Michel Maffesoli s’est plu à décrire le régime actuel centré sur la mise en scène présidentielle comme une « théâtrocratie ». La politique française appartient en effet au domaine du spectacle, c’est-à-dire de l’illusion. Mais si la dimension spectaculaire du pouvoir n’est pas une nouveauté, il y a dans l’épisode « macronien » une particularité. Jusqu’à présent, cette dimension était extérieure à la politique. Elle ne faisait que l’enrober alors qu’elle en constitue aujourd’hui le cœur et la totalité.
Un homme était Président. Un parti détenait les clés du gouvernement, avec des idées affichées et, ensuite, la communication demandait une scénographie destinée à donner une image du chef de l’État et à permettre la réalisation de ses objectifs. Avec de Gaulle, on était dans la tragédie classique, plutôt chez Corneille que chez Racine, avec des dilemmes que le Général tranchait avec l’appui du peuple jusqu’au moment où les Français furent fatigués des tensions héroïques. Par la suite, chacun de ses successeurs eut son style, avec Pompidou au coin du feu, Giscard, carrément à domicile chez Madame et Monsieur, mais involontairement plus distant que jamais. Mitterrand, avec le soutien des médias, développa l’art de masquer les échecs de sa politique par la satire de ses concurrents. Chirac révéla ce que devenait la politique française : l’art d’occuper le pouvoir sans but autre que de le conserver, le pouvoir pour le pouvoir, comme on dit l’art pour l’art. Sarkozy préfigura la situation actuelle : le spectacle d’un homme seul improvisant en fonction des événements et s’entourant de rôles secondaires distribués pour l’intérêt du générique. Hollande n’aura été qu’une doublure appelée en catastrophe pour remplacer l’acteur pressenti victime de sa vraie vie dans un hôtel new-yorkais. Il joua si mal qu’il dut quitter la scène sous les huées.
Avec Macron, l’évolution atteint son paroxysme.

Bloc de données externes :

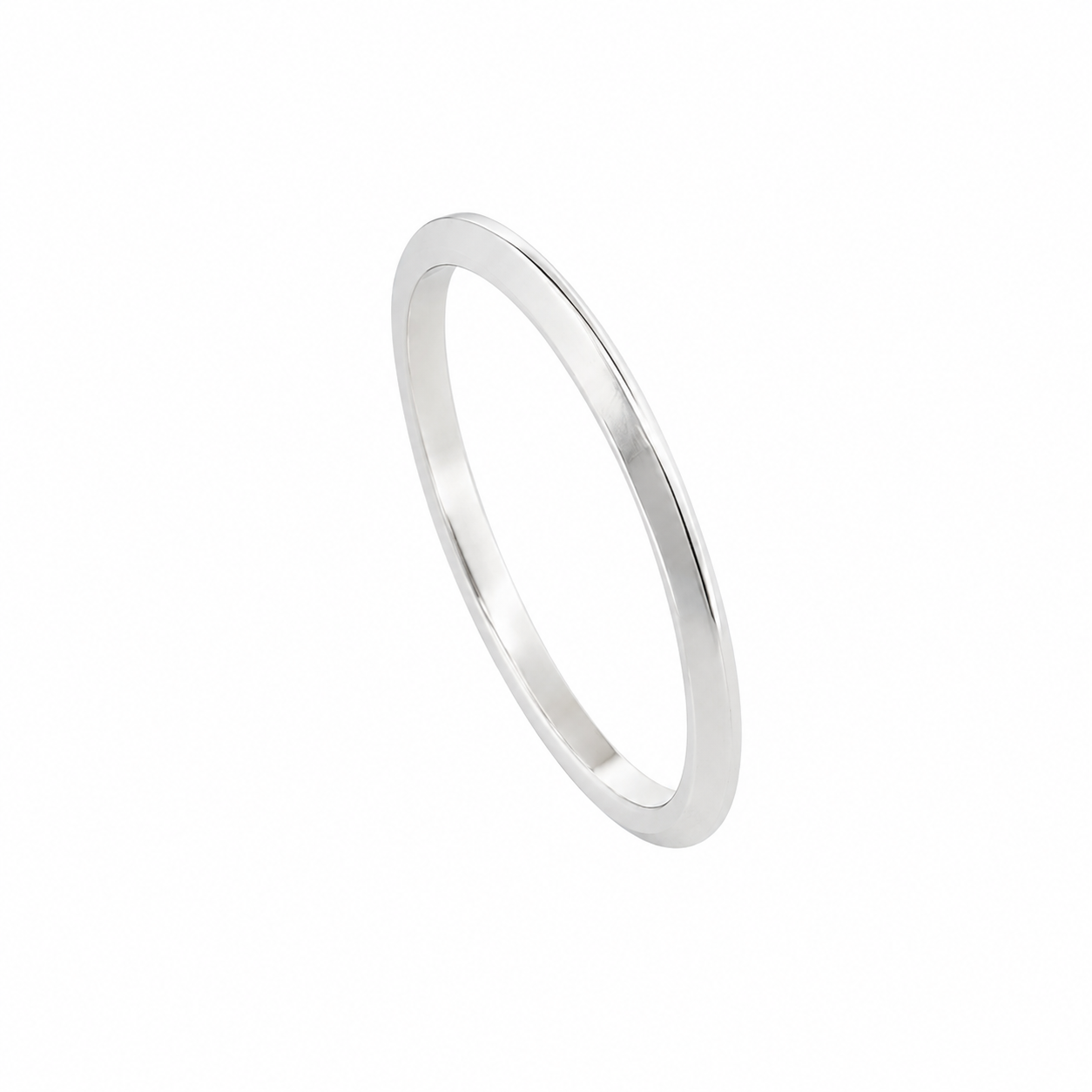 Bague Roseau en argent, fil triangulaire à arête fine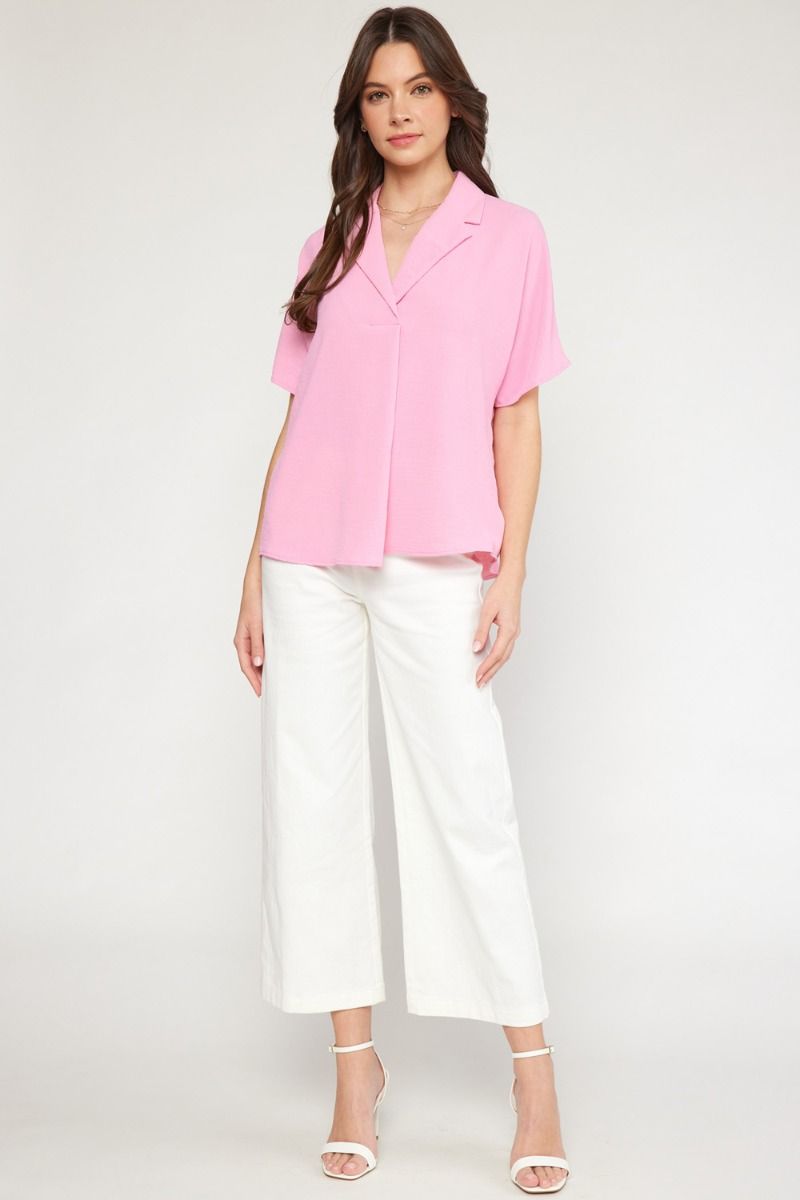 Light Pink Short Sleeve Top | Boutique Elise | Leanna Entro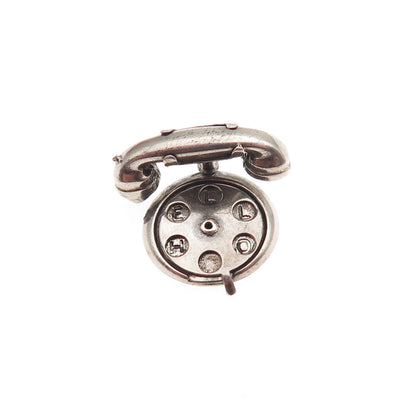 925 Sterling Silver Antique Art Deco Hello Rotary Phone 3D Mini Charm Pendant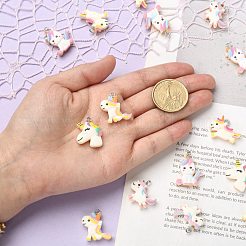 40шт 5 стиля подвески из непрозрачной смолы в виде единорога&nbsp;RESI-CJ0002-83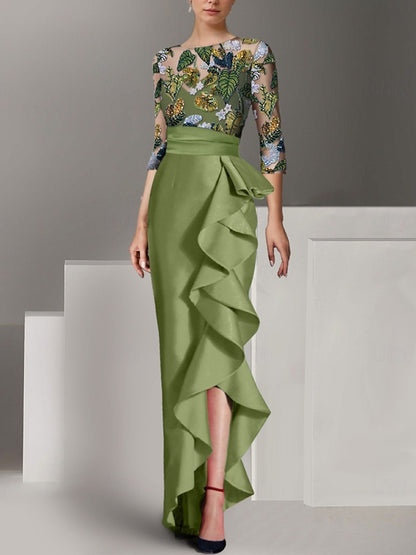 Floral Leaf Ruffle Embroidery Mother of the Bride Dress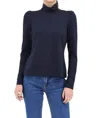 Iris Setlakwe Puff Shoulder Turtleneck Top In Navy In Blue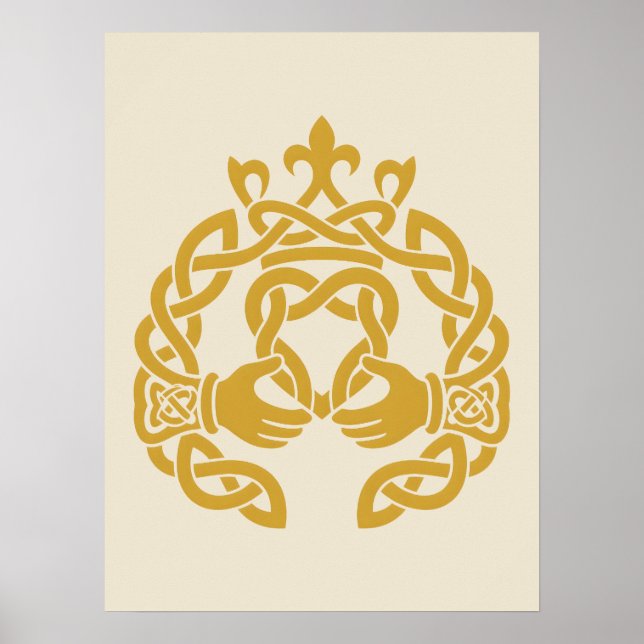Póster Claddagh de Nudillo Dorado (Frente)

Derrière l’acteur et son spectacle, il n’y a même plus les idées qui avaient permis à ses prédécesseurs de conduire leur carrière jusqu’au sommet. D’un bond, il a sauté des coulisses obscures sur la scène et sous les projecteurs. Le théâtre est maintenant plus petit et, au milieu de quelques figurants, il assume tous les rôles, changeant de costume et de registre plus vite que son ombre. Il fut Jupiter au pied de la pyramide du Louvre, revêtit un uniforme qu’il n’avait jamais porté pour jouer les aviateurs, s’affirma chef des armées et, sans avoir été soldat, traita les généraux de haut, offrit son visage de souffrance aux Français pour montrer que lui aussi avait subi le Covid, puis préféra se produire en grand frère, le maillot frappé d’un mystérieux logo pour convaincre les jeunes de se faire vacciner. De nombreux médias assurent le service après vente des prestations, aidés de faire-valoir jamais las de flagorner. C’est ainsi que 20 Minutes n’hésite pas à citer un « chercheur en science de l’information et de la communication » qui affirme sans rire que lors de sa courte intervention en « T-shirt » à destination des « djeuns », « le chef de l’État ne fait volontairement aucun effort de mise en scène ».

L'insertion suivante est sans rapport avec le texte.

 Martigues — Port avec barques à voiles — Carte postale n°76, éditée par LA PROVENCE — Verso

Comme disait le Général, nous avons de sacrés chercheurs, mais on préférerait des « trouveurs ». Il ne faut pas en effet faire de longues recherches pour percevoir que selon son habitude, M. Macron a adopté le style vestimentaire et langagier qui correspond à son public, non pas celui de ses « fans », s’il y en a, mais simplement ceux devant lesquels il se trouve si, toutefois, cette rencontre est possible sans qu’il se prenne une gifle. Pure mise en scène, donc, mais pour la « bonne cause », dira-t-on. Avec le Covid, et après une série de déconvenues qui l’ont amené à sélectionner ses auditoires et à éviter la confrontation avec de « vraies gens », il a enfin trouvé le thème de sa pièce : non plus les réformes salvatrices, non plus la lutte contre le réchauffement climatique, mais la guerre au virus à coups de vaccins. Le but n’est évidemment pas de triompher de la maladie, ce qui arrivera de toute manière malgré le chœur des pleureuses alarmistes, mais d’être réélu, comme le sauveur, […] après avoir effacé les autres échéances politiques que la présidentielle, et les autres sujets de préoccupation.